Land-use Planning. Everyone should live within walking distance of natural green space. This is very important in my view. I would go further mini green belts for every locality.
Taxes. We would make the cost of private cars more effectively mirror their environmental cost to wider society: Of course we should but how? Whatever we do we should do equally for all polluters. Motorists already pay far more for climate change than offices. How can we make motorists pay for perceived danger on our roads? And can we tally that with the danger that our government puts us in when it invades foreign countries.
Taxes.
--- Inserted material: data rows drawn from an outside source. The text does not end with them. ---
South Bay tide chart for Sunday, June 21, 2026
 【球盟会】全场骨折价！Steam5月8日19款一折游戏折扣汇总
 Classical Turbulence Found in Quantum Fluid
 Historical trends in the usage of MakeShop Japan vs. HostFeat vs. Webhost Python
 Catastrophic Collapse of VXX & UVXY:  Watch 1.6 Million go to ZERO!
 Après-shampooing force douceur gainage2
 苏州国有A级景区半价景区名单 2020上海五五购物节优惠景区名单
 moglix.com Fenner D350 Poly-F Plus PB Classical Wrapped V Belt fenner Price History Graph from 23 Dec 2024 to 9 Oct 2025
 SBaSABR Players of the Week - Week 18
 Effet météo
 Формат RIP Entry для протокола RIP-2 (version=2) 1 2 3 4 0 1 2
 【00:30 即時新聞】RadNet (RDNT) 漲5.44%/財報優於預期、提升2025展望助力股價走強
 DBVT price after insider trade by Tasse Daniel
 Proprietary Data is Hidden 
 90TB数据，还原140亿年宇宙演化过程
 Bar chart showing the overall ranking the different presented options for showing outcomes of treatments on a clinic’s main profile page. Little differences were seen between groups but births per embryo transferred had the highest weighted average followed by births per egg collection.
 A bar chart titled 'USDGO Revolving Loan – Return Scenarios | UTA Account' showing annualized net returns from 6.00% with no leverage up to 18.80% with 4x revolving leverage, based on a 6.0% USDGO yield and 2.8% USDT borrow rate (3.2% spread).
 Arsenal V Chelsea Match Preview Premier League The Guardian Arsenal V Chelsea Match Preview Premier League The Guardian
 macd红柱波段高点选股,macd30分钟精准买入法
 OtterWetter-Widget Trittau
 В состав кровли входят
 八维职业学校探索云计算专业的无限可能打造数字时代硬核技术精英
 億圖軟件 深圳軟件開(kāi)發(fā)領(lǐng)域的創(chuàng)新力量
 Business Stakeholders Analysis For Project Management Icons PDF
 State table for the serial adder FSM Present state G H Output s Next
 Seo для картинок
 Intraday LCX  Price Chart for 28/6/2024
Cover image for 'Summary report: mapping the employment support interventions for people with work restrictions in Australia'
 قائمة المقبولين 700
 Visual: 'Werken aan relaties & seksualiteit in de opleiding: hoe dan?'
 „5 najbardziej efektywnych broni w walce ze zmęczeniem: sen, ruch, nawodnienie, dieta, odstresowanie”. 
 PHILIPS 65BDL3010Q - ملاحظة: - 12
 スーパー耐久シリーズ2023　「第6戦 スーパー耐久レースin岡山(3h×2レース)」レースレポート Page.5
Discourage use of fossil fuels by bringing back the fuel duty escalator, increasing duty in real terms by 8% per annum and through a series of other measures in this manifesto. I said in the 1990s that the fuel duty escalator was doomed to fail because it was based on nothing but the desire to tax cars. There should not be any tax on petrol at all – by all means tax carbon, danger, pollution, even social severance but not petrol itself.
Taxes. Abolish car tax and replace it with a purchase tax on new cars that reflects their emissions. That way we would affect the types of car chosen at the time that matters, when they are bought new. People buy cars for all manner of reasons. As long as the environment is fully accounted for within the running cost people will take that into account. Research shows that a purchase tax of £1,560 will have a greater effect than an annual tax of £156 which in turn has a great effect than a weekly petrol tax of £3. (People notice lump sums more). On this basis we could send lifetime a climate offset bill to anyone who has a child.
Taxes. We would reduce air travel by introducing a tax on aviation that reflects its full environmental costs. Failure to tax aviation fuel, and choosing not to levy VAT on tickets and aircraft, amounts to a subsidy worth around £10bn every year in Britain alone. • Totally correct in principle but it would be good if they had given us the details of how they plan to do it. Any duty that could be applied to aviation that took account of the lack of VAT and fuel tax would be useful as long as it did not conflict with international (American) law.
Taxes. Carbon quota for all. Everyone given their own quota and can buy or sell to others. I like this idea and would recommend it to run in parallel to a carbon tax (or even supplant it) if the computer system require could be built on time and to budget – government does not have a good record on this. Perhaps a credit card merchant could provide the service.
Local Government. Revive local government, with the introduction of proportional representation and with grassroots democracy spreading through the use of smaller community and district councils. Such authorities should have enhanced powers, and in due course new tax-raising powers. I cannot agree more. Sovereignty belongs to the people. If people pool part of their sovereignty for the common good then outside of the economy people look to their locality. Therefore I would say that local government may do what it likes as long as it does not affect the wider society.
Local government. Decentralise healthcare responsibility to local government, ensure that minimum service levels and national guidelines are provided to prevent a postcode lottery, and oppose further health service centralisation. I could not agree more. My county has the people and the money to its own health service.